Meditations: Saturday of the First Week of Lent

Some reflections that can assist our prayer during this season of Lent.

  • Jesus commands us to love our enemies
  • God makes it rain on both the good and the bad
  • Taking the battle to our own life

LOVE your enemies and pray for those who persecute you (Mt 5:44). These words of Christ are among the most striking in his entire preaching. Perhaps they often stand in contrast to our most immediate reactions. We realize that we are not being asked for something superficial, as though we were simply to give in to those who do us harm. Rather we are being asked for much more: to love and pray for these people.

“Jesus’ words are clear. And this is not an option, it is a command. He is well aware that loving enemies exceeds our possibilities, but this is why he became man: not to leave us as we are, but to transform us into men and women capable of a greater love, that of his Father and ours . . . This command, to respond to insult and wrongdoing with love, has created a new culture in the world: ‘a culture of mercy.’ It is the revolution of love, whose protagonists are the martyrs of all times.”[1]

To achieve this, we will put all our hope in grace. I will obey your laws; never abandon me (Ps 119:8), we pray with the psalmist. This help from God not only acts in our will, but also in our intellect and heart. “I think I don’t have any enemies,” Saint Josemaría wrote, in a time of persecution. “I have met, in my life, persons who have done me harm, positive harm. But I don’t think they are enemies: I’m too little to have them. Nevertheless, from now on, they are included in the list of my benefactors, in order to commend them daily to our Lord.”[2]

“WHAT REASON DO YOU HAVE for not loving?” Saint John Chrysostom asks. “That the other person responded to your kindness with insults? That he wanted to shed your blood in gratitude for your benefits? But, if you love for Christ, these are reasons that will move you to love even more. For what destroys the friendships of this world is what strengthens the charity of Christ. How? First, because that ungrateful person is the cause of a greater prize for you. Second, because that person needs more help and more intense care.”[3] How dull the world would be if we were all the same, and if we found everyone equally pleasant. But this is not the case, and Jesus asks us to love, pray for and serve everyone. We see the opposite reaction in the words of Cain, filled with envy and hatred: Am I my brother’s keeper? (Gen 4:9).

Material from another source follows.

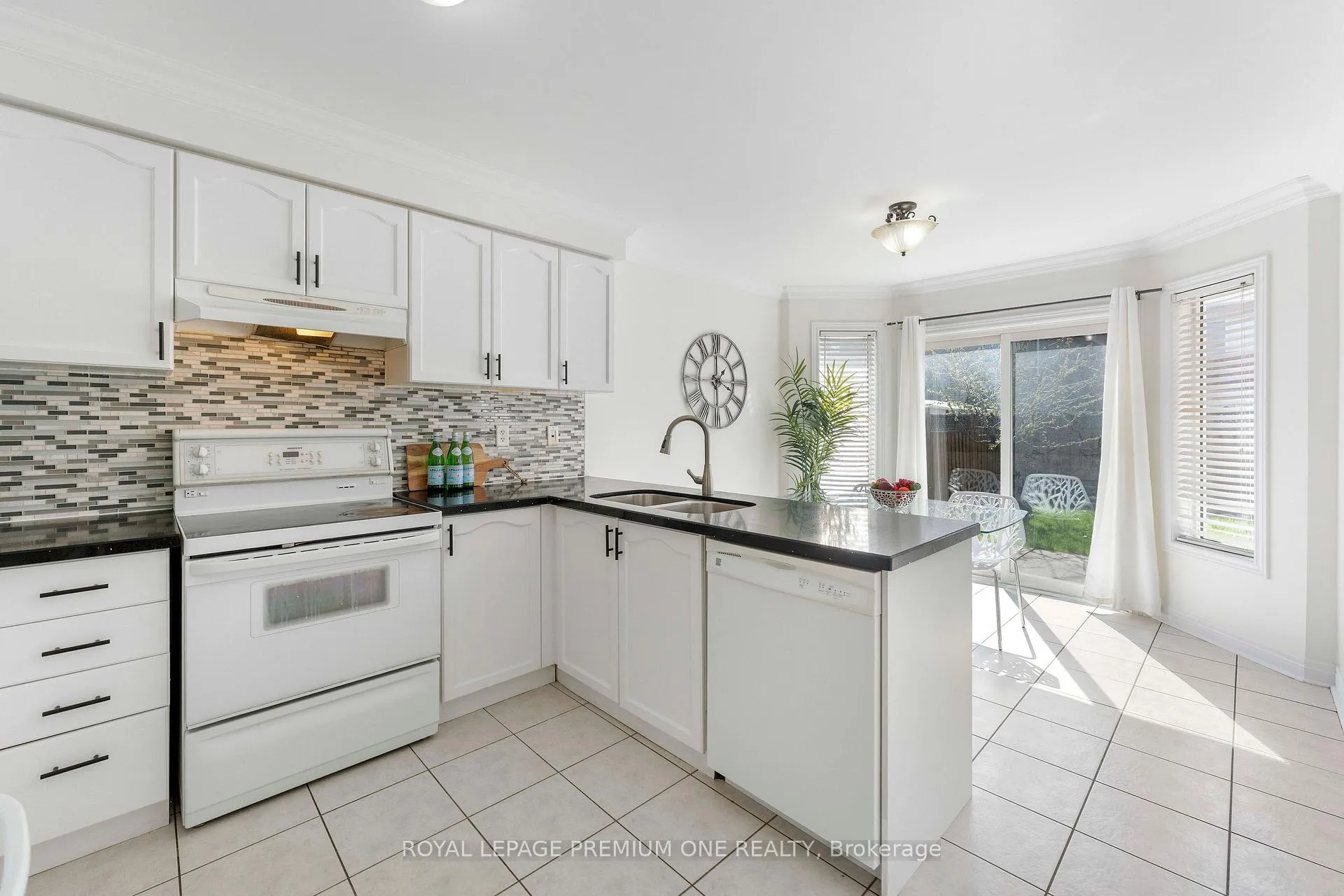 Photo 8 of 178 Cedargrove Road, Caledon, Bolton West — HOMEH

If we turn our eyes to Christ, his love for all men and women resounds in our soul: That you may be children of your Father who is in heaven; for he makes his sun rise on the evil and on the good, and sends rain on the just and on the unjust (Mt 5:45). “It will do us good, today, to think of an enemy – I think we all have one – someone who has done us harm or who wants to do us harm or who tries to do so. Let us pray for that person. Let us ask the Lord to give us the grace to love them.”[4] But we don’t have to think of faraway places, battlefields, or powerful enemies. Perhaps in our own home we need to struggle to understand, forgive and not hold a grudge against a brother or sister, a son or daughter, or our spouse. How often we have seen that grace makes possible what we had not even imagined we were capable of before.

“MEN without remedy are those who stop looking at their own sins and focus on those of others,” Saint Augustine said. “They don’t look for what needs to be corrected in themselves, but what they can criticize in others. And, unable to excuse themselves, they are always ready to accuse others.”[5] Truly striving to love our enemies entails the effort, at the same time, to learn to focus on our own weaknesses, on our faults, on everything in our own lives that still has to be more closely identified with Christ. This attitude is filled with a realism that is much more practical, since, with God’s help, what lies within our power to change is what we have in our heart. We abandon an imaginary battlefield – the lives of others – and strive to fill the world with good in a struggle much closer at hand. We leave it to God to change the course of history, while we strive to rectify what we have in our hands.

“We have to understand everyone; we must live peaceably with everyone; we must forgive everyone. We shall not call injustice justice; we shall not say that an offence against God is not an offence against God, or that evil is good. When confronted by evil we shall not reply with another evil, but rather with sound doctrine and good actions: drowning evil in an abundance of good (cf. Rom 12:21).”[6] It is not a question of failing to correct someone when circumstances warrant it. Neither is it a question of being naive, but just the opposite: it is about acquiring the wisdom of God. Mature, generous and discreet love is able to overlook grievances; it doesn’t worry about the lack of appreciation others show us, and courageously strives to imitate Christ at the foot of the Cross: Father, forgive them, for they know not what they do (Lk 23:34). We can ask our Lady, Queen of Peace, to teach us to love all her children, to pray for those who may have hurt us, and to help us bring the battlefield to our own soul.

[1] Francis, Angelus, 24 February 2019.

[2] Saint Josemaría, Intimate Notes, 28 October 1931, quoted in The Way. Critical–historical edition, point 838.

[3] Saint John Chrysostom, Homily on Saint Matthew, 60, 3.

[4] Francis, Homily, 19 June 2018.

[5] Saint Augustine, Sermon 19.

[6] Saint Josemaría, Christ is Passing By, no. 182.